## Required action
Omitting the pictures, restate all of the entries below exactly.

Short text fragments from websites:
- Opening Delimiter -

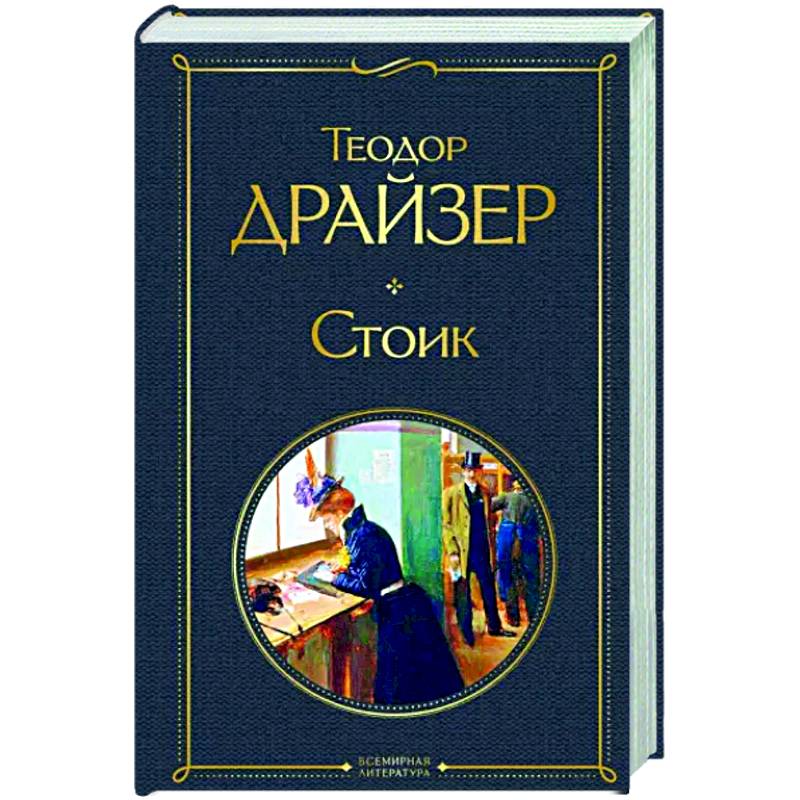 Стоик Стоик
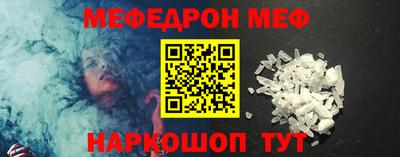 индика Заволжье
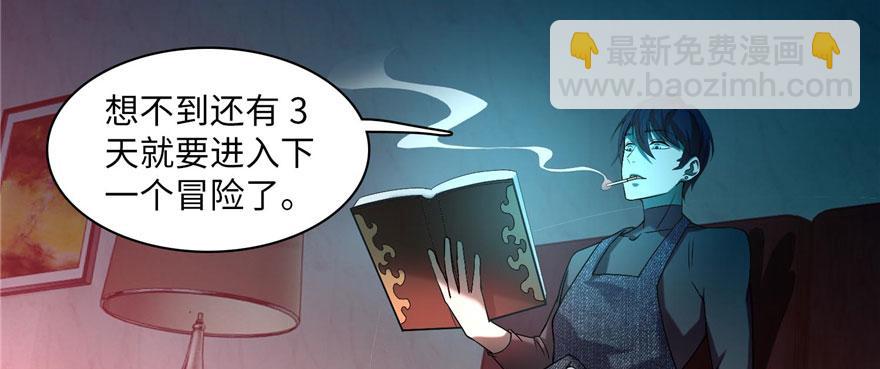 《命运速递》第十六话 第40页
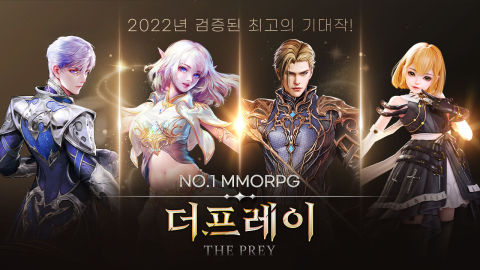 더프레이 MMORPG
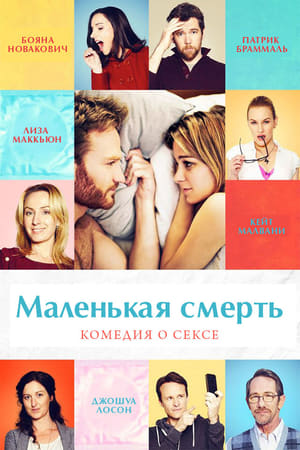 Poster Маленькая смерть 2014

- Closing Delimiter -

## Result of the exercise
 Стоик Стоик
 индика Заволжье
 《命运速递》第十六话 第40页
 더프레이 MMORPG
 Poster Маленькая смерть 2014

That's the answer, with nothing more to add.